Given the material below, return only the lines starting at the line with "I'm just going" and ending at the line with "So basically, this", exactly as they appear.

# GIVEN DATA
╔══
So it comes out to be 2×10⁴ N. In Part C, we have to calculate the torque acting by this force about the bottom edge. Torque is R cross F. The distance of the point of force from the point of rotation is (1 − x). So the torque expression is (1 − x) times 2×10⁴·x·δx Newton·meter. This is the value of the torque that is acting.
╚══
╔══
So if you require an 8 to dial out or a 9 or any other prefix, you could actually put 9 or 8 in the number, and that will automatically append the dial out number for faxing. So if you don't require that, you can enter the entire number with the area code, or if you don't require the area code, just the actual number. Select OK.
╚══
╔══
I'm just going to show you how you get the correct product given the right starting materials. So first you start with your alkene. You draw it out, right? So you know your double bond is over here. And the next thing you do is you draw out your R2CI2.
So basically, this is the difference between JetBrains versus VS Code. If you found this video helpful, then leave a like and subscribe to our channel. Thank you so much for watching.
╚══
# RESULT FOR THIS EXERCISE
I'm just going to show you how you get the correct product given the right starting materials. So first you start with your alkene. You draw it out, right? So you know your double bond is over here. And the next thing you do is you draw out your R2CI2.
So basically, this is the difference between JetBrains versus VS Code. If you found this video helpful, then leave a like and subscribe to our channel. Thank you so much for watching.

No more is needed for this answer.